Jeremy Grantham, chief investment strategist at Grantham Mayo van Otterloo &Co., provided our third forecast.
On February 7, 2013, Bloomberg quoted Grantham: "All global assets are once again overpriced." He described emerging market stocks, Japanese stocks and European stocks as only a little expensive. How'd that turn out?
- The S&P 500 Index returned 32.4 percent
- The MSCI EAFE Index returned 23.3 percent.
Our final forecast is interesting because it came from Chris Martenson, a "world-renowned expert on identifying dangerous, yet hidden, exponential growth patterns in global economies, energy demand and food consumption." In March 2013, Martensen was predicting that a 60 percent stock market collapse will strike in the next three months. On March 13, 2013, moneynews noted that "Martenson's opinion isn't to be taken lightly, as his research is highly regarded by the United Nations, UK Parliament and Fortune 500 companies." They warned that Martenson's forecast was based on a "new alarming pattern" he identified - the "a dreaded triple top" (click to view image).
Martenson's research had led him to conclude that the market has proven patterns, including the dreaded "triple top." The article continued: The first "top" was in 1999, followed by a 60 percent market decline.
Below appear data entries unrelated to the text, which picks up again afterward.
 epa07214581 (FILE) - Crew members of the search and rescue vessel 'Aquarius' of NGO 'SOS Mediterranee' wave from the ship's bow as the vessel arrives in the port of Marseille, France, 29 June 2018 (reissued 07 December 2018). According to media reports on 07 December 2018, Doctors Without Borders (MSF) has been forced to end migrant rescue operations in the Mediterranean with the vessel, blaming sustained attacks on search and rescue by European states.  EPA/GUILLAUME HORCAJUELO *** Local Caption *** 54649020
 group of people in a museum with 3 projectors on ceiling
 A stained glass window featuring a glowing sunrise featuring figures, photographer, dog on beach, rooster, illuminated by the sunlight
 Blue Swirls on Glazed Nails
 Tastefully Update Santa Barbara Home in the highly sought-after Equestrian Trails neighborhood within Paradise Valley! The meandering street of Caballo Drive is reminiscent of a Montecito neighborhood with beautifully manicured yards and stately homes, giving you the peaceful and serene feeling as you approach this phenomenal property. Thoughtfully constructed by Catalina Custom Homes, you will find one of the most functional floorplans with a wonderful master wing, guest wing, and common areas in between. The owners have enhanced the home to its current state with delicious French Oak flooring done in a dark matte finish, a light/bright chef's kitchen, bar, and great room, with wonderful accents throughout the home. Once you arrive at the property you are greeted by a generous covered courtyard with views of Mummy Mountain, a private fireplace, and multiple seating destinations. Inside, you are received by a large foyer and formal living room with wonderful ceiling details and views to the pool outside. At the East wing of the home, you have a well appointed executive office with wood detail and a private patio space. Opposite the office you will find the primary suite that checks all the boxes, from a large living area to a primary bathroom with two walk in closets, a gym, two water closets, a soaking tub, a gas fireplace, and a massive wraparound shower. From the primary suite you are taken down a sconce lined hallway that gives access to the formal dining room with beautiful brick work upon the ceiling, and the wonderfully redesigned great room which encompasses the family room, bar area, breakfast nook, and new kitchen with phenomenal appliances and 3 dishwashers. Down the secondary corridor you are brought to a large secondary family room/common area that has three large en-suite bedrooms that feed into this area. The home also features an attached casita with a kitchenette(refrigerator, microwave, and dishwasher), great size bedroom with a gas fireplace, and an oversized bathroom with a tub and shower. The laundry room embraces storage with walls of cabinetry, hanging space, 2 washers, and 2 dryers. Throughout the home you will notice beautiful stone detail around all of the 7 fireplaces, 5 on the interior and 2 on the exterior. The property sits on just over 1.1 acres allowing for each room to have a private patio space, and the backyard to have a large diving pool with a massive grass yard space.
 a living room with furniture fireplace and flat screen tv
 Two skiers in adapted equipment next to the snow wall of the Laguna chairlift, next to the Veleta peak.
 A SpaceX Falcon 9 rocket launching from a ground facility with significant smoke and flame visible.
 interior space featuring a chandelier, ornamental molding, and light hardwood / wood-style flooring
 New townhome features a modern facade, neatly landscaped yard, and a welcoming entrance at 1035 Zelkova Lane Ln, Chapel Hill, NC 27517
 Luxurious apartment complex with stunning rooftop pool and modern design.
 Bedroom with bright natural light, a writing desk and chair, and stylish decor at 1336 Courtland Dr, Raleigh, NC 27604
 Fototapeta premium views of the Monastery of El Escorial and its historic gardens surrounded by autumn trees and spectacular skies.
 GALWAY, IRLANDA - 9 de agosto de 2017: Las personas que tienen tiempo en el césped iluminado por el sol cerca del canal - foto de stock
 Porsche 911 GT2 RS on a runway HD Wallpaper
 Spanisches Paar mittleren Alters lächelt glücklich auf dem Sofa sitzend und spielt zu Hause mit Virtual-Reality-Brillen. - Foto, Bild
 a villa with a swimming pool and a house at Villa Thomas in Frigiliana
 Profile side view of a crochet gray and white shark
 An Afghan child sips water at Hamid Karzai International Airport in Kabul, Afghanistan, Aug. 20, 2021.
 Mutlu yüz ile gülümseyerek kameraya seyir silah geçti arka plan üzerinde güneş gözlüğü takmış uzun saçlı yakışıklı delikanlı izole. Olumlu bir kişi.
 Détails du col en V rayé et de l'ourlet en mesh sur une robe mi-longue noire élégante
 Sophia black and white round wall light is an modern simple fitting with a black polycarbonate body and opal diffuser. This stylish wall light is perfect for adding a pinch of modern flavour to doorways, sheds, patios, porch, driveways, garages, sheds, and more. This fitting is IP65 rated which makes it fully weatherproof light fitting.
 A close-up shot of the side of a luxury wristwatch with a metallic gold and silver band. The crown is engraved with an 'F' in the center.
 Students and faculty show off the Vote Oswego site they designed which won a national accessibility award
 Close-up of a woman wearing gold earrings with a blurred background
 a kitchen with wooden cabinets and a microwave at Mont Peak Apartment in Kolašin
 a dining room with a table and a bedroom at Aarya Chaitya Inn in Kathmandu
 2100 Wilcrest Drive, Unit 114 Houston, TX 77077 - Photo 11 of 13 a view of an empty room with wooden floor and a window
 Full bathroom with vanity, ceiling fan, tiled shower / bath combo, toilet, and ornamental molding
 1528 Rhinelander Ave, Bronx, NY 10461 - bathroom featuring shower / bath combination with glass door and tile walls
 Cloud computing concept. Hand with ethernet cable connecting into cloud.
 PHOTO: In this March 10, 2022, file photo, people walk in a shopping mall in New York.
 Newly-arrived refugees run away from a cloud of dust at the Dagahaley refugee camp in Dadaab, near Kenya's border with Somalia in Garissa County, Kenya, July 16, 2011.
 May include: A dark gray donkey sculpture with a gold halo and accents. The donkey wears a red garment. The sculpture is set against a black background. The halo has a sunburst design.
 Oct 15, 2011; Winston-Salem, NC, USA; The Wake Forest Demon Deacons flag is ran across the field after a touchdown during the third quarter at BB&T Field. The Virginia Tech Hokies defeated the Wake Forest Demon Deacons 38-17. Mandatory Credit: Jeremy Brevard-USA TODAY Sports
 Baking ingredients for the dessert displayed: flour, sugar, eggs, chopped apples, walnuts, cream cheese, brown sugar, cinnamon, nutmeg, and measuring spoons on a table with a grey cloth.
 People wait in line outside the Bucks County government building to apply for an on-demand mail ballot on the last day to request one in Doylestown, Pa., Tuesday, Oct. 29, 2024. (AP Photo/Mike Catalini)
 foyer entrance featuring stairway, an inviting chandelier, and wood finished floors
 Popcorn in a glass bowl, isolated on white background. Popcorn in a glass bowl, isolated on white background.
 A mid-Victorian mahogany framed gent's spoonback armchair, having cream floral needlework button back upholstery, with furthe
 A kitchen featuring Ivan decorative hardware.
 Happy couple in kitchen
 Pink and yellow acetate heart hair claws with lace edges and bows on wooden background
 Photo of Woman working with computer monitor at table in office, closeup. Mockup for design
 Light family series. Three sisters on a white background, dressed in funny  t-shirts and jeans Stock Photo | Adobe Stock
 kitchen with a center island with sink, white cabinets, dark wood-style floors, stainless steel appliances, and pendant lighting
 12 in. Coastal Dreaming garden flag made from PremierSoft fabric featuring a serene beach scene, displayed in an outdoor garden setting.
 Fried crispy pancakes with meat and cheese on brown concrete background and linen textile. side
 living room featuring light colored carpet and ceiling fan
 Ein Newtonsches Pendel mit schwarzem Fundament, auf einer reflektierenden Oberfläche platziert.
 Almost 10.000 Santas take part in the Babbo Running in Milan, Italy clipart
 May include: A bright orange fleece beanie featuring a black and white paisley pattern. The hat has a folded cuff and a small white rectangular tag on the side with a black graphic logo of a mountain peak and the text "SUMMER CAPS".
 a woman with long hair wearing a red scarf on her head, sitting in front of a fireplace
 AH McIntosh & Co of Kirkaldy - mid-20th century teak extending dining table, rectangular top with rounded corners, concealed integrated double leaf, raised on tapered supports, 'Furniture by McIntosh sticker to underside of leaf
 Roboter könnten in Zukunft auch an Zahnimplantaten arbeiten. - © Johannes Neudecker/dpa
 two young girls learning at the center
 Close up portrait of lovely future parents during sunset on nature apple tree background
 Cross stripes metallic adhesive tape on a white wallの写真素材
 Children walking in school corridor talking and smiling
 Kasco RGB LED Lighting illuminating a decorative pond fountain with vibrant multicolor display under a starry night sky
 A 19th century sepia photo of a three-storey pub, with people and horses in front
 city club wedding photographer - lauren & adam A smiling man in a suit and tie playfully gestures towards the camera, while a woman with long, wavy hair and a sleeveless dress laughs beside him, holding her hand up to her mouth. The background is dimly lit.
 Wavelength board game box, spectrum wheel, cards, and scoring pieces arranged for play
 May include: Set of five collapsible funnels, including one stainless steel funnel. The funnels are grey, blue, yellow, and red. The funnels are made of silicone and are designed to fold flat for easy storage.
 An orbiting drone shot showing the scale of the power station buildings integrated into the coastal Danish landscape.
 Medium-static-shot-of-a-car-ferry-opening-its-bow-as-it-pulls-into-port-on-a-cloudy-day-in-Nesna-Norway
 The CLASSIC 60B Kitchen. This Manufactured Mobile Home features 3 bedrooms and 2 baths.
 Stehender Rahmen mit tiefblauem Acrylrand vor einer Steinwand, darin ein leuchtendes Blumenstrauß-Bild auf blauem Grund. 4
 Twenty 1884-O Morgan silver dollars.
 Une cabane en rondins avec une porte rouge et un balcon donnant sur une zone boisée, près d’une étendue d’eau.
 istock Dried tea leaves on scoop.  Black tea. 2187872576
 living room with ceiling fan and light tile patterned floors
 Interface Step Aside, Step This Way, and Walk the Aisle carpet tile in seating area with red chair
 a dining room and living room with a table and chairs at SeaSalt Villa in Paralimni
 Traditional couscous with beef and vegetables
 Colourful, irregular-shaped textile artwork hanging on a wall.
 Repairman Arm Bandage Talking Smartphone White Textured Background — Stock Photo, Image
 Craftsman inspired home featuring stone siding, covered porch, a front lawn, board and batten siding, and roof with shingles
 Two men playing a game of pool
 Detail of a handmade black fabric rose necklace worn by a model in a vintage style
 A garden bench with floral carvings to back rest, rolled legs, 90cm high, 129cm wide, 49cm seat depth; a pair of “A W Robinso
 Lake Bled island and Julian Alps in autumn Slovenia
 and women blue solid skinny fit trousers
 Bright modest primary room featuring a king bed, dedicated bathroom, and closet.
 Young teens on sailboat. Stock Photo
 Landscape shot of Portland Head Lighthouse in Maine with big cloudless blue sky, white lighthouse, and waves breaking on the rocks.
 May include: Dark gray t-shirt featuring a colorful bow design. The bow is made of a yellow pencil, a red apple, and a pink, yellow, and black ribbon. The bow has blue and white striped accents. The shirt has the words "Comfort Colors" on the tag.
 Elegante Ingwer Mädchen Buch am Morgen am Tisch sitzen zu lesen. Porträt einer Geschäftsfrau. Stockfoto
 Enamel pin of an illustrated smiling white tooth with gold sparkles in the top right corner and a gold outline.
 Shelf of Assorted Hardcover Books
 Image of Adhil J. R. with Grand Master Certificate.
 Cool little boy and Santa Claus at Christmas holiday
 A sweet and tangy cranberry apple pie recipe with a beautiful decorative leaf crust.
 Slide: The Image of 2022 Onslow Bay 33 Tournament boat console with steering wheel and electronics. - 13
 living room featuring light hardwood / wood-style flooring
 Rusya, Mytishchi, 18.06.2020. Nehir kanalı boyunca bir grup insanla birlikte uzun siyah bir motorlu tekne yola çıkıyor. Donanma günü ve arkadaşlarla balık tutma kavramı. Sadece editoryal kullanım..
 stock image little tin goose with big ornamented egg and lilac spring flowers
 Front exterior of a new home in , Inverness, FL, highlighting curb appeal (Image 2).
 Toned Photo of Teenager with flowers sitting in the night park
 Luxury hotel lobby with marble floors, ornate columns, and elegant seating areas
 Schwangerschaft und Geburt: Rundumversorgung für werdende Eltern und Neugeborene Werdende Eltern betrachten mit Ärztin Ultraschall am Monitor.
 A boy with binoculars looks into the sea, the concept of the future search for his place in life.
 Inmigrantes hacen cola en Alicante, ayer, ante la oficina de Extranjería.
The second "top" was in 2007, again followed by a 60 percent market plunge. And a third top has now formed, and a 60 percent stock market drop is not only inevitable, but that it could strike at any moment.
On the day before his forecast was published the S&P 500 had closed at 1,552. It ended the year at 1,848. A 60 percent drop would have put the index at 621. Martenson was only off by 1,227 points.
These examples demonstrate why Warren Buffett warns investors to ignore all forecasts because they tell you nothing about where the market is headed, though they do tell you a lot about the person making the forecast.